For various complex reasons which started with a casual throw away remark at Lean Agile Scotland followed by a brief twitter storm I am spending two days in Dubai with a Kanban group. That includes the co-authors of Essential Kanban Condensed, namely David Anderson and Andy Carmichael. I have the latter to thank for this picture he drew during one of the sessions where I was talking about Cynefin and placing emphasis the boundary conditions, including seeing the complex-complicated boundary as a domain in its own right. To make that easier I used the plane model of Cynefin which was originally draw with the incomparable Max Boisot at the Academy of Management in Washington many years ago. It shows the boundary between Obvious and Chaos as a cliff, in the sense of catastrophe theory.
The reason for doing this is the creation of a deeper understanding of the boundary conditions and their nature. Now I’m not trying to over complicate Cynefin. The basic representation remains as is, but the value of Cynefin is that it can be easily understood in that form, but can also be progressively understood at deeper and deeper levels; this is one of those. So lets look at the four main boundaries, ignoring for the moment the ones to disorder:
- Obvious to Chaos
This is the complacency boundary, the imposition of inappropriate best practice or standard process regardless of consequence. Both wilful and accidental incompetence come into play here. It’s also the failure because of your competence in an old way of looking at things, to reference Clayton Christian’s work. To be very good at doing things the old way can be deeply problematic with the eco-system has shifted. I’ll pick that up tomorrow I expect as I will be talking about dominant predator theory then. Recovery (Chaos to Obvious) is both expensive and inappropriate so I have described this as a one way boundary.
An easy boundary to cross and I portrayed it as a slippery slope. In the Complicated Domain there is a degree of permitted variation, the system has adaptive capacity with governing rather than rigid constraints. It is all too easy, especially in consultancy drive improvement exercises to shift from a degree of variety in good practice to a monotone rididity of best practice. Done well, operating theatres for example, the shift has value but it is a heavy investment to achieve results and there is a lack of flexibility in change in consequence. So it is a journey that should have a wall with gate keepers, but lack of definition means that it is all to easy to dive into it. You can make the return journey, but if that is likely it is better the avoid the need and live with some degree of variation in the short to medium term.

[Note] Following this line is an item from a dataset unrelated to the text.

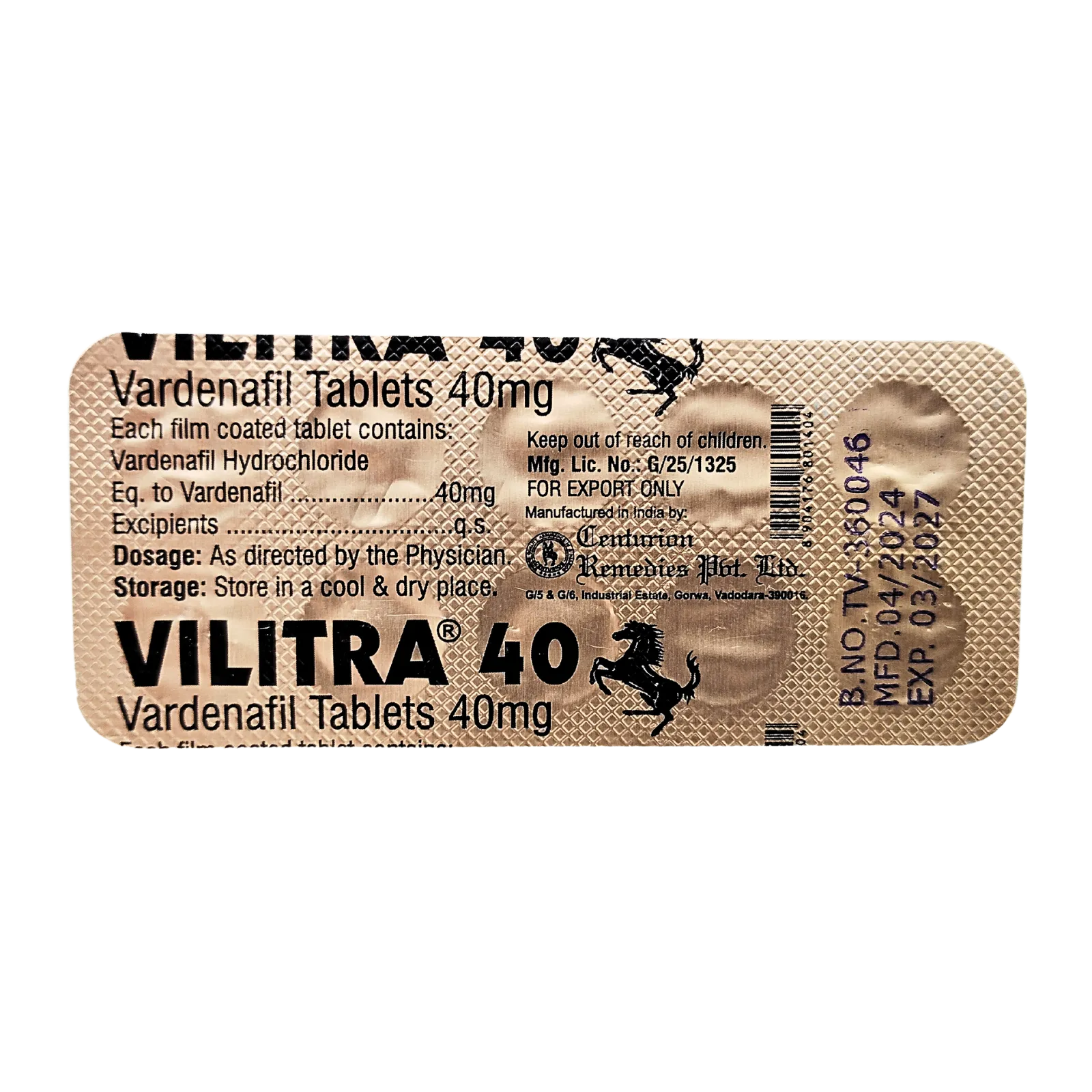 ビリトラ（VILITRA）40mgの10錠が入ったシート（裏面）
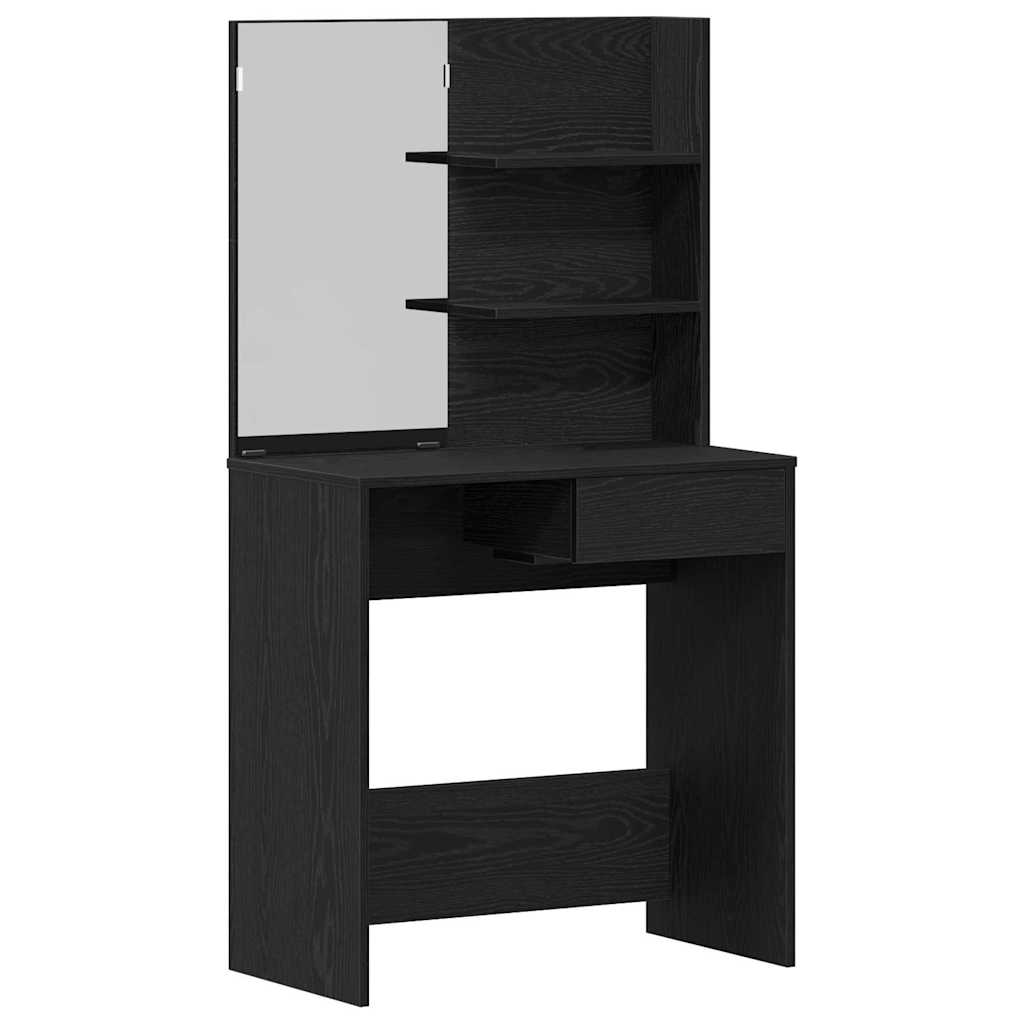 vidaXL Dressing Table Set 2 pcs Black Oak 74.5 x 40 x 141 cm 6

Again a two way boundary, but each routing is different. A chaotic system naturally becomes complex as constraints emerge, in fact maintaining a chaotic state (no constraints, no connections in Cynefin terms) takes a lot of energy and resolution. The reverse is more difficult as systems don’t like randomness. So creating chaos for the use of a tool like MassSense requires a commitment and as such the boundary needs to be a gate. If you want a story metaphor think about the town of Wall in Neil Gaiman’s Stardust, named after the stone barrier that separates the town from a grassy meadow (if you haven’t read it do, if you haven’t listed to the Radio 4 adaption do, if you haven’t seen the film with Michelle Pfeiffer and Robert De Niro in magnificent form go seek it out but prepare to be disappointed by Ricky Gervais). The entry to the world of Faerie is fraught with danger, and for the star to pass is to loose life.
To my mind the most interesting and one I am thinking of making a domain in its own right in come representations. I’m playing with different metaphors here, but I’m thinking of an interesting valley where it is easy to linger but from which you have to move. I have one in mind a short walk north of me on the Marborough Downs with neolithic field systems and the Grey Wethers of free lying sarsen stone on the walking path to Avebury. The transition from complex to complicated can be achieved with the imposition of constraints produces repeatable results. So parallel safe-to-fail experiments run and create sustainable practice which is taken through linear iteration to refine, correct and scale it (for example SCRUM in Agile). The shift to complicated is desirable as it allows scale at reduced cost with increased certainty of outcome. The mistake people make is to stay in the domain when the constraints are starting to fail to produce repeatable results – then we need to move back to the complex.
So at a high level that describes the boundaries. However I am starting to think that the boundary between complex and complicated should at times be maintained as a semi-permanent space – something I have talked about as a grazing dynamic. We should maintain a space of partial certainties, while maintaining options. But that is for a future post.